### The task
For the data below, retype word for word the lines from the one containing "Grön höstjacka med" through the one containing "CAT 977D Traxcavator on display base"; drop the pictures.

### Supplied data
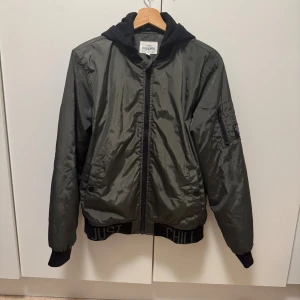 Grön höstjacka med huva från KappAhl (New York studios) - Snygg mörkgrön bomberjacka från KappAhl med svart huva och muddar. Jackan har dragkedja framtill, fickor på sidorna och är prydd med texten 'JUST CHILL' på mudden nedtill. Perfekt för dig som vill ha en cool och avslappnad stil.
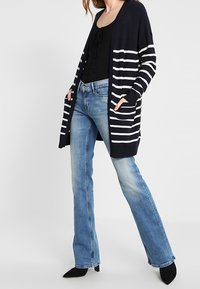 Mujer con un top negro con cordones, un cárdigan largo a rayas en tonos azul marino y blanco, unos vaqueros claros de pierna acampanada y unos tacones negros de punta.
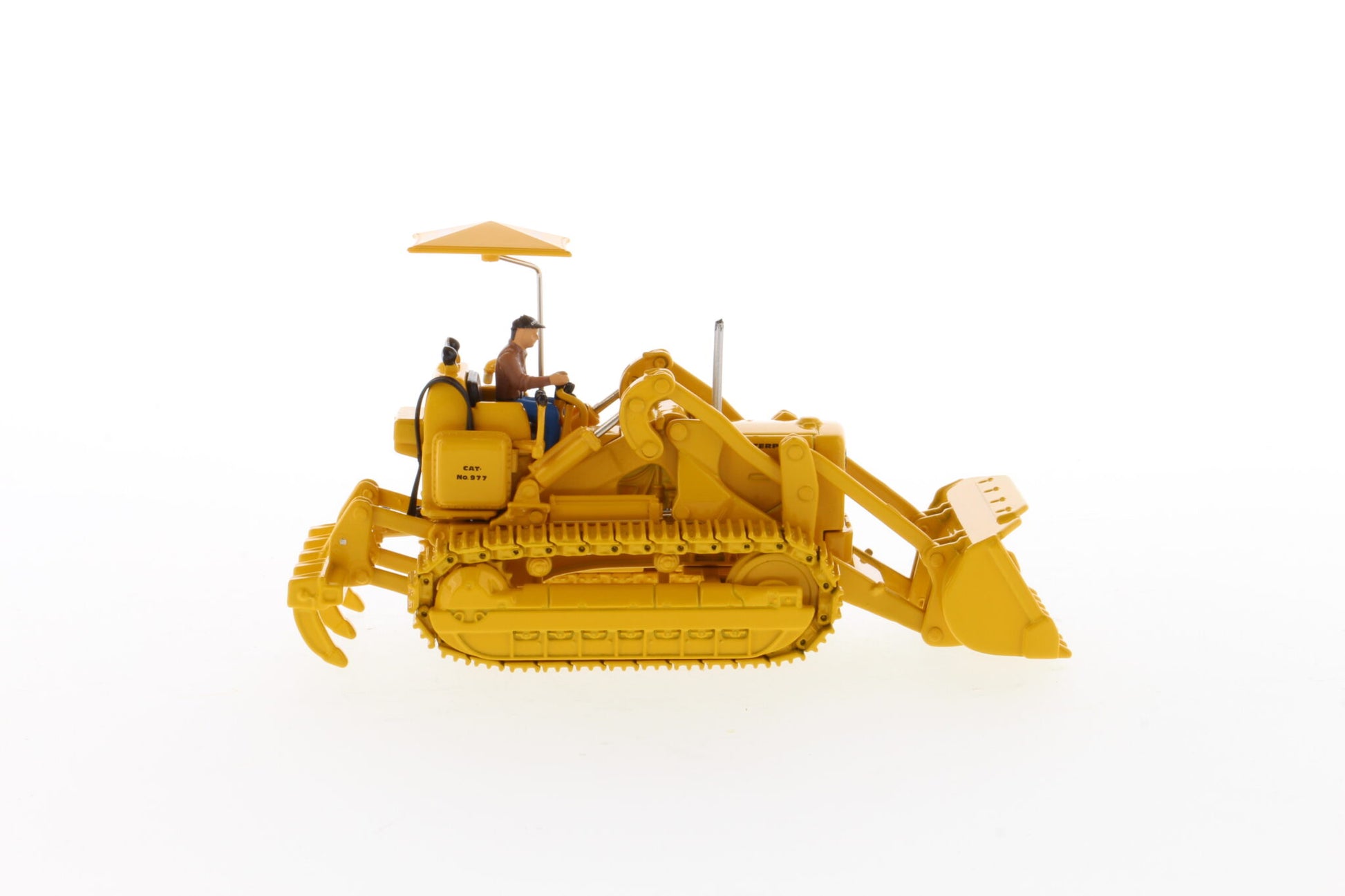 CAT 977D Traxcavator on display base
==
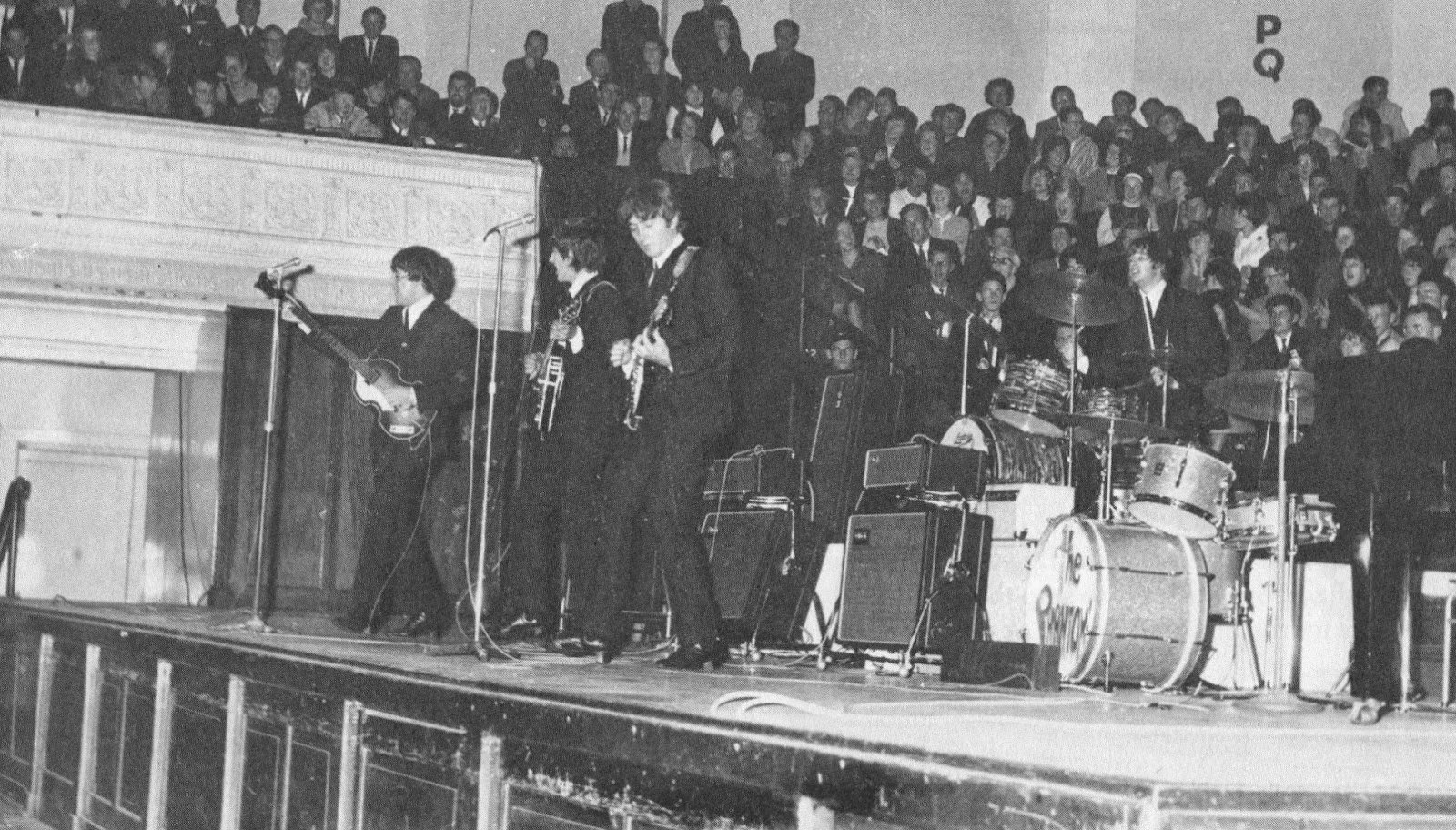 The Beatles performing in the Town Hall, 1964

### Completed task
 Grön höstjacka med huva från KappAhl (New York studios) - Snygg mörkgrön bomberjacka från KappAhl med svart huva och muddar. Jackan har dragkedja framtill, fickor på sidorna och är prydd med texten 'JUST CHILL' på mudden nedtill. Perfekt för dig som vill ha en cool och avslappnad stil.
 Mujer con un top negro con cordones, un cárdigan largo a rayas en tonos azul marino y blanco, unos vaqueros claros de pierna acampanada y unos tacones negros de punta.
 CAT 977D Traxcavator on display base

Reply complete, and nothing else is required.